= Kinuthia Murugu =

Kenyan politician (d. 2009)

Kinuthia Murugu (died July 9, 2009, in Nairobi) was Permanent Secretary of Youth and Sports affairs in Kenya.

== Early life and navy career ==
As a youth, Murugu participated in Scouting activities while at Starehe Boys Centre and School. Later he studied at University of Nairobi and graduated with bachelor's degree in commerce. After university he joined Kenya Navy, and was once a peacekeeper in Yugoslavia. He attained Major's rank and retired from the military in 1996.

== Senior career ==
After military career he worked as the East African regional General Manager of the shipping company Maersk Sealand. Murugu was the director of World Scout Bureau's Africa Regional Office in Nairobi from 2001 to 2006. In 2006 Murugu was appointed the Youth and Sports Permanent Secretary at the Kenyan Ministry of Youth Affairs and Sports.

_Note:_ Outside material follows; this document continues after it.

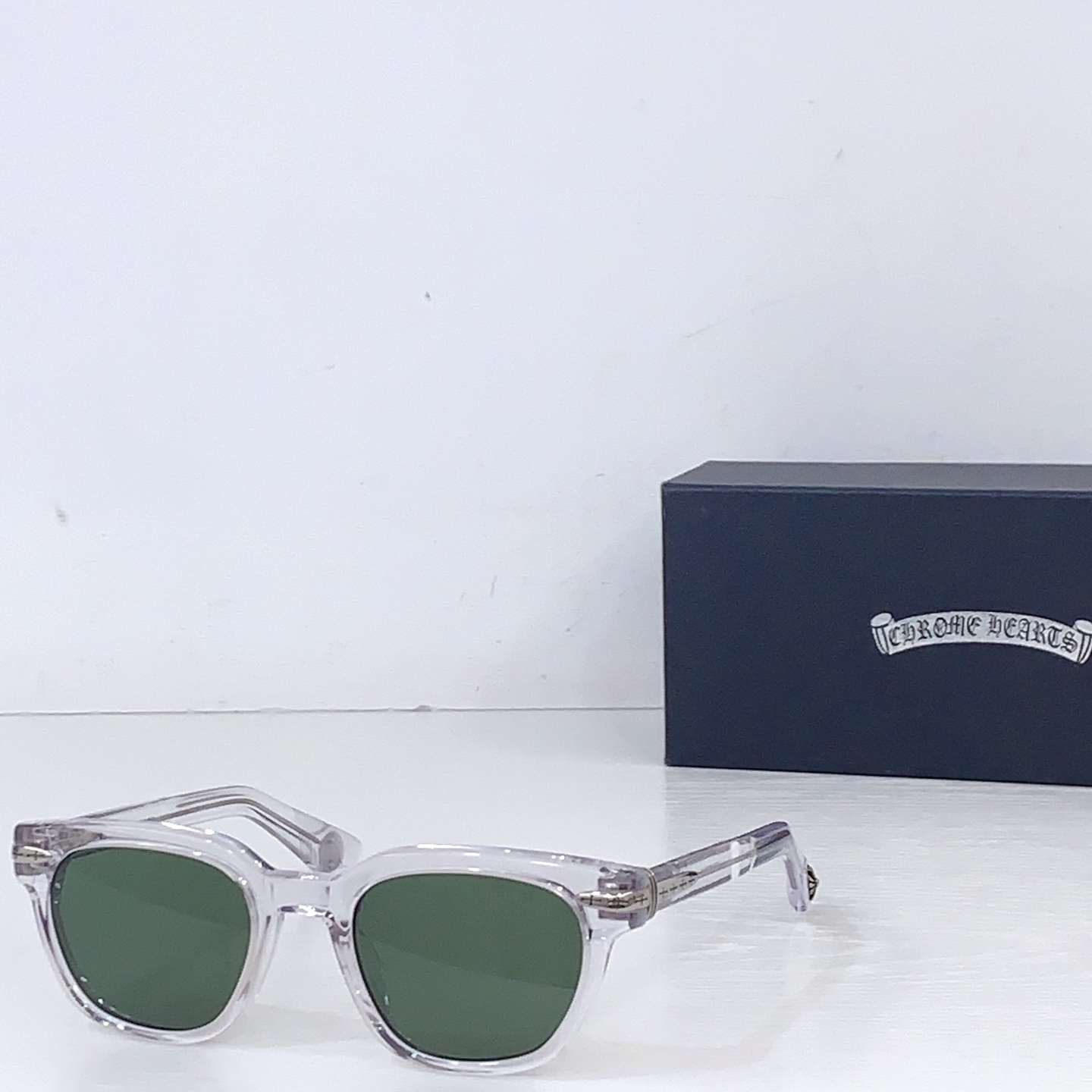 Chrome Hearts CHROME HEART*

He subsequently resigned from his position at World Scout Bureau, and Rubina Marivonne Haroon of Seychelles became the new regional director. Murugu launched the National Youth Enterprise Fund and the Kazi Kwa Vijana initiatives aimed at reducing unemployment and crime among Kenyan youth.

== Personal life ==
Writing poems was one of his hobbies and he published a poetry collection titled Feelings? Just Feelings? in 2003. He was also the chairman of Old Starehean Society, the alumni organisation of the high school he attended. Murugu left a widow and four sons.

== Death ==
Murugu was carjacked on June 19, 2009, at 3 am in Kilimani estate of Nairobi and the carjackers shot him in the chest, injuring him seriously. The carjackers fled the scene. He died of the injuries on July 9, 2009, at Nairobi Hospital.

He is buried at his farm in Kiambaa, Kiambu County.